**Work order:**
From the line that contains "1.53 Ct. Fancy" through the last line of the data, copy everything exactly and nothing else, omitting the pictures.

**** Recorded data ****

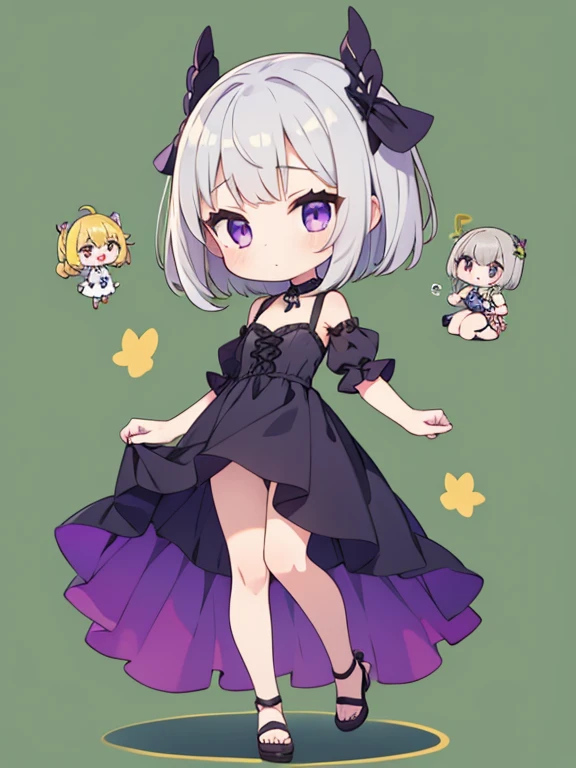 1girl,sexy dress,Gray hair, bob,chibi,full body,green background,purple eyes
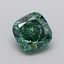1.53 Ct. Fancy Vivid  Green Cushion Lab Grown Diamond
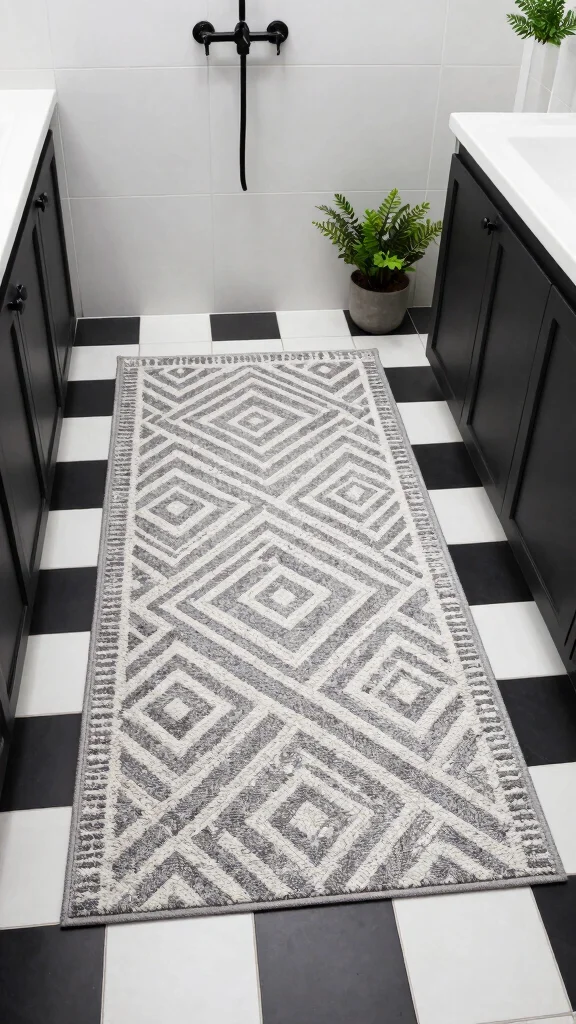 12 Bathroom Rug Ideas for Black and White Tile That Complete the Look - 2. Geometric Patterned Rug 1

****

**Response to the task:**
1.53 Ct. Fancy Vivid  Green Cushion Lab Grown Diamond
 12 Bathroom Rug Ideas for Black and White Tile That Complete the Look - 2. Geometric Patterned Rug 1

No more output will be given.